Would you like to earn $300 for a 60-minute call with a market-research firm studying macular degeneration and its treatments?
We’re talking lawyer’s wages here; I don’t know any journalists who make $300 an hour.
With that in mind, might we suspect that the firm wanted something more for its money than a chat?
The Canadian Science Writers’ Association considered this situation, but it didn’t share my skepticism. Instead, it forwarded the offer to its members, saying in its cheery email, “Here is some information about an opportunity to participate in a medical media study.”
A Canadian science writer sent me a copy of the email, in which the market research firm, KeyQuest Health, said it was “currently booking writers, editors and producers to take part in a study we are doing on AMD and vitreoretinal treatments, obviously from a media person’s point of view.” It almost sounds harmless, until, a few sentences later, the firm’s rep says, “We are specifically looking for people who would be involved in selecting or developing news stories and who would make decisions regarding news stories.”
Translation: We’re specifically looking for people who can plant stories in the media.
I emailed Stephen Strauss, the president of the Canadian science writers’ group, to ask about this. He wrote back:
I (we) actually wondered about the nature of this offer directly in line with your worries. So I contacted the market research organization in advance of the posting. What they weren’t interested in was any sort of paid coverage or promotional stories about the new drug. Rather they wanted to know in a generic way how it was that Canadian reporters decided on what sort of medical stories to report on, whether they interacted with experts in the field, whether they interacted with advocacy groups and the like. The process was so anonymous that neither the drug nor the drug company was going to be identified in the interview. Indeed, there wasn’t even going to be a formal discussion of macular degeneration itself.
So given that very general approach to things it didn’t seem to me that there was any essential conflict of interest between subsequent objective reporting and talking to a market research firm about the lay of the land when it comes to Canadian medical reporting.

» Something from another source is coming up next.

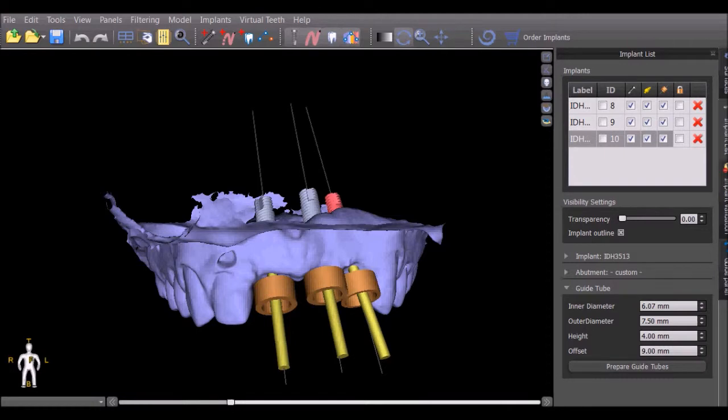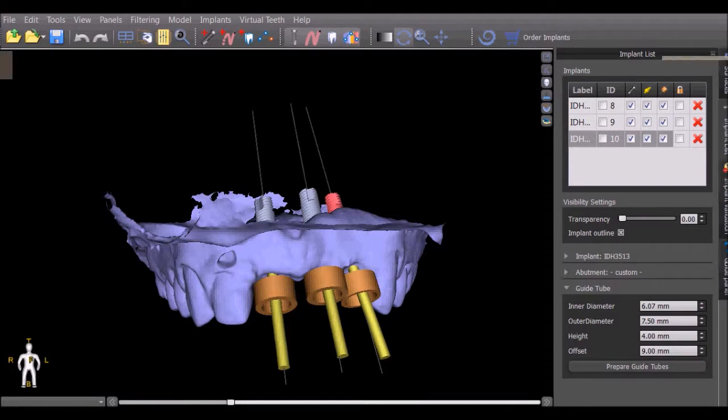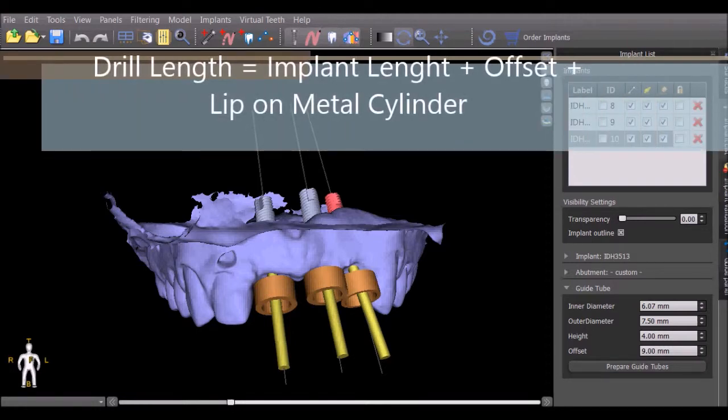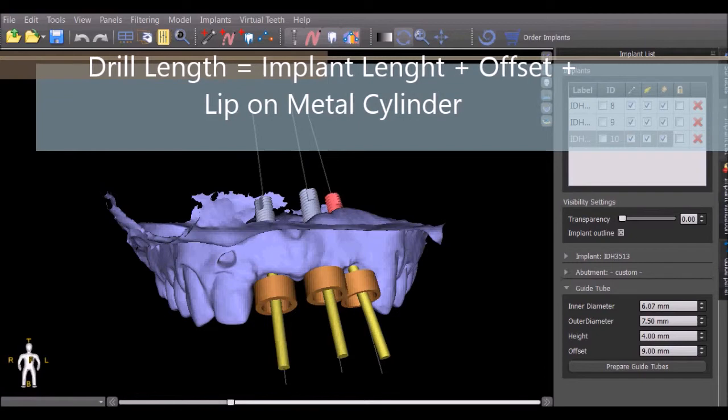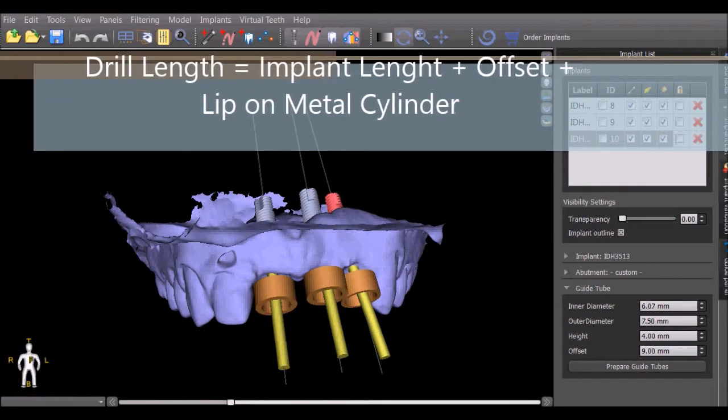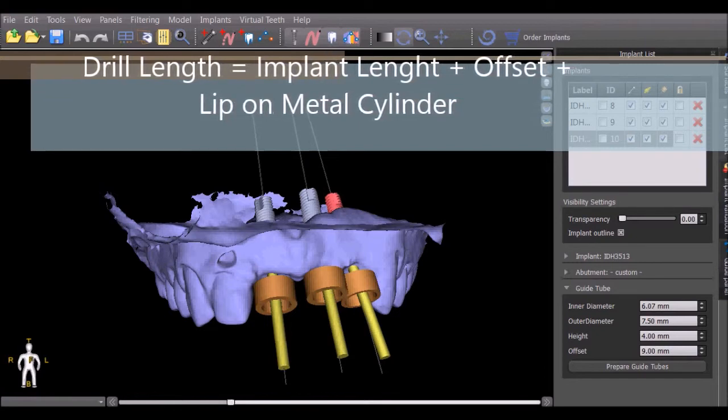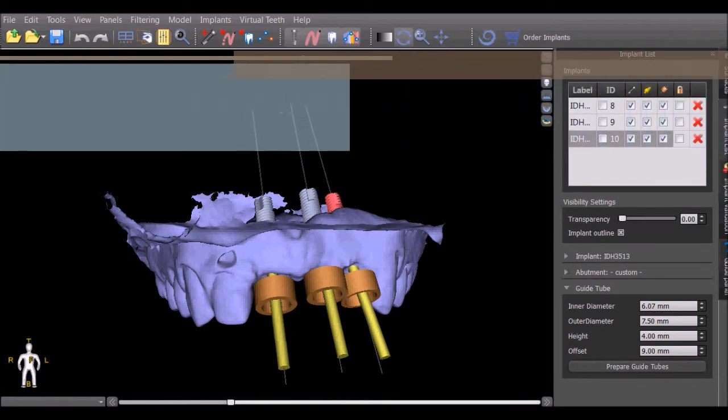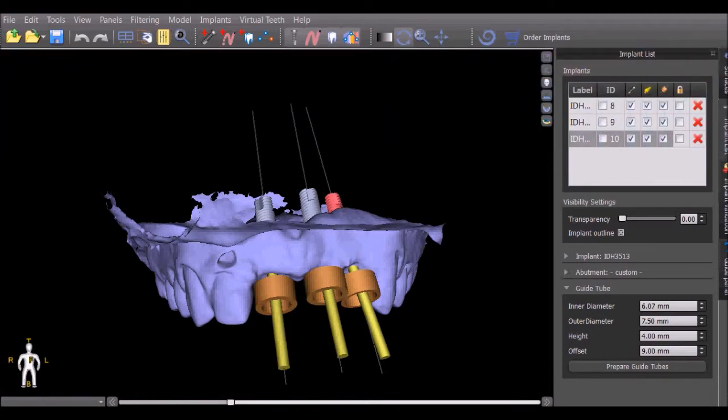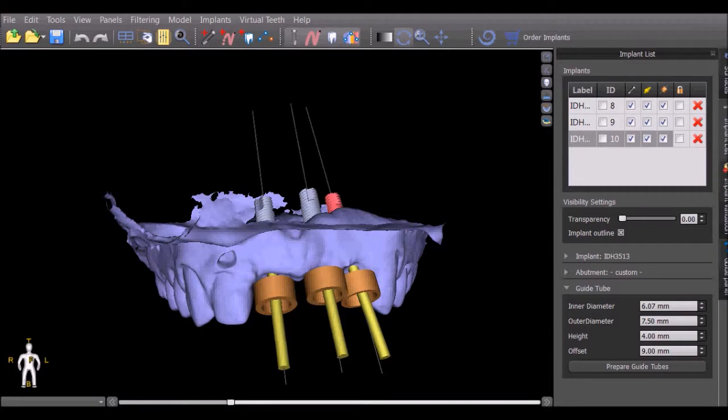The drill length needs to be the implant length plus the offset plus any lip on the metal cylinder which is going to be used. For example, a 10 mm implant with a 9 mm offset and a 1 mm lip on the metal cylinder will create a drilling length of 20 mm.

I suggested to Strauss that the firm could find out a lot about that by simply Googling a few Canadian science writers. “It does seem that the market research group could have learned much of the stuff on-line, but for some reason or another they chose to get information in this way. Even so,” he continued, “I find it hard to believe that you think that a journalist’s whole world view would be corrupted by having been interviewed in a general way about how medical stories are found. And that having participated in such an interview process, the reporter would then believe it was his or her personal responsibility to report on all new drugs being offered to treat age-related macular degeneration.”
The problem is not the conversation; the problem is accepting the money.
I have a lot of respect for Strauss, who spent 25 years as a science writer and columnist at The Globe and Mail. I agree that reporters who accepted the money would not feel bound to write about macular degeneration, but these interviews can have a more insidious effect. They can sensitize reporters to a story that is about to break, so they are more likely to take a look at it.
Further, the mere fact that Strauss “wondered about the nature of this offer” suggests that it was at least a bit dubious. And in my view, that should have been enough for Strauss and the CSWA to reject the offer, rather than pass it on to members. By passing this offer along to its members, CSWA endorsed it. And it shouldn’t have. Science writers’ organizations should be scrupulous about adhering to the highest journalism standards.
My rule would go something like this: If you have to ask whether an offer is a little shaky, then it probably is.